Brunschwig’s Operation
While elsewhere PE was being developed principally for patients with LARC, in New York, Alexander Brunschwig was performing PE as a palliative procedure for locally advanced gynecologic malignancies. Before the introduction of PE, the prognosis for locally advanced cervical cancer was particularly poor. External beam radiation therapy was the mainstay of management. Local extension commonly occurred and cure rates were as low as 20% for primary disease [9]. Forty percent of deaths were the result of advanced disease confined to the pelvis [10]. Patients with end‐stage malignancy suffered refractory pain, as well as intestinal and ureteric obstruction as major complications [11, 12].
Brunschwig, who had been among the first to report a one‐stage radical pancreatico‐duodenectomy in 1937 [1, 13], observed that PE was a “procedure of desperation since all other attempts to control the disease had failed.” Initially his only selection criterion was that disease must be “confined to the pelvis.” Interestingly, “not a single patient refused the operation even after detailed explanation of the procedure and the complications associated with surgery” [1]. The operative approach was similair (Figure 1.1).
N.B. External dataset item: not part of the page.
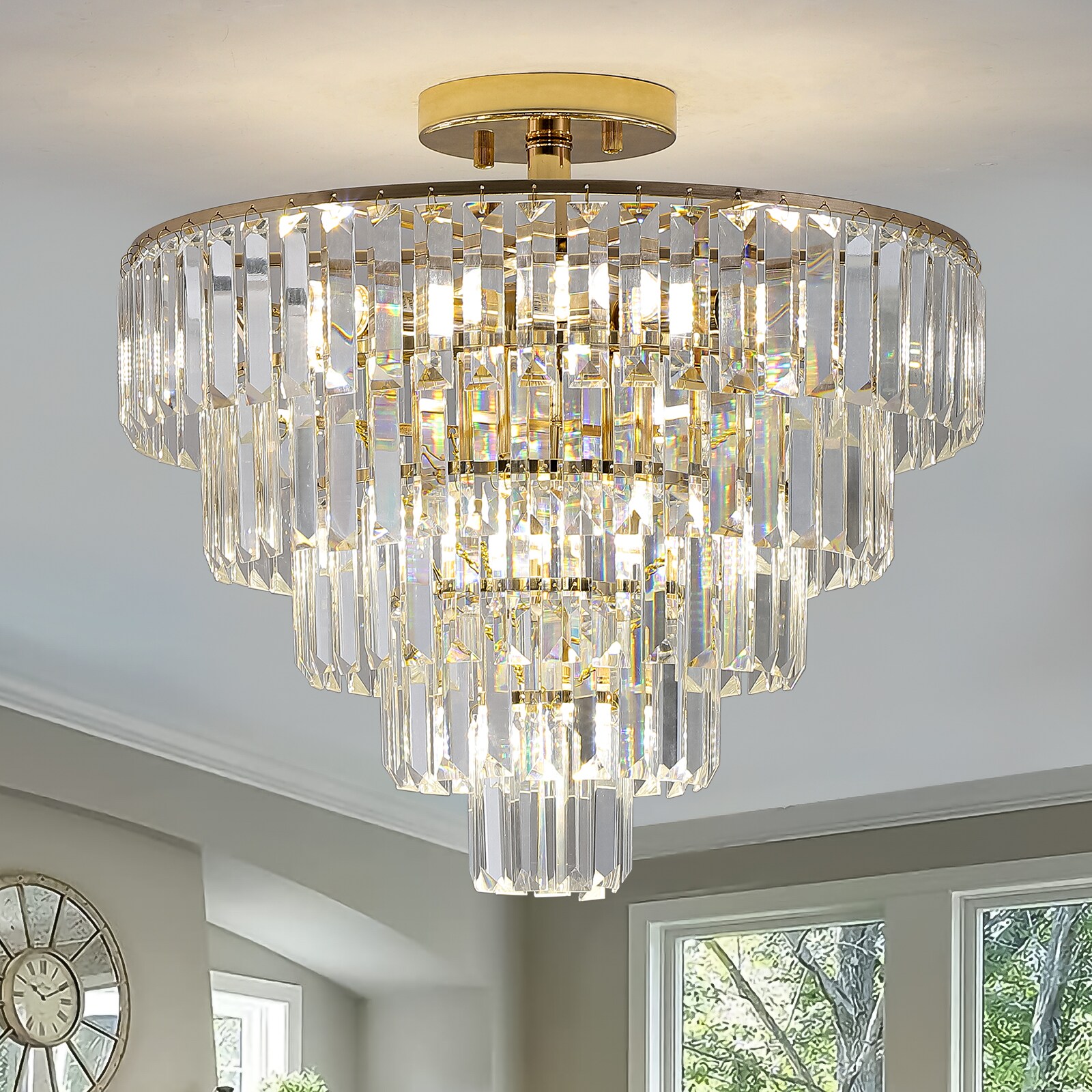 Zeus & Ruta Chandeliers 10-Light Gold Modern/Contemporary LED Dry rated ...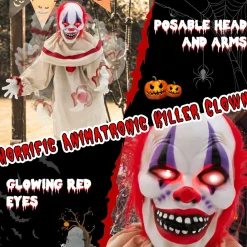 Tangkula 5FT Grins Animatronic Killer Clown, Indoor Outdoor Scary Clown Halloween Decoration with Pre-Recorded Creepy Sound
Although Many surgeons were critical, considering it “a thoughtless form of mutilation, with limited chance of success for palliation, much less cure” [14]. In the earliest series, the survival outcomes were poor, with one in every three operations resulting in perioperative mortality [1, 15]. In Brunschwig’s 1948 article, he reported operating on 22 patients with 5 deaths. [4].
By 1950, Bricker was also investigating the role of PE in the management of cervical cancer. His first patient, despite widespread local invasion, had a disease‐free survival of 42 years [6]. The suitability of PE for the management of cervical and other gynecological cancers was later confirmed by Brunschwig in several series [16, 17]. In the ensuing decades, several units (mostly in North America) increasingly performed PE for advanced cancer of the vulva [18], ovary [19], and prostate [20], and for pelvic sarcoma [21]. The first documented non‐malignant application for PE was for management of severe radiation necrosis of several pelvic organs in 1951. This remained a relatively common indication for PE until more co...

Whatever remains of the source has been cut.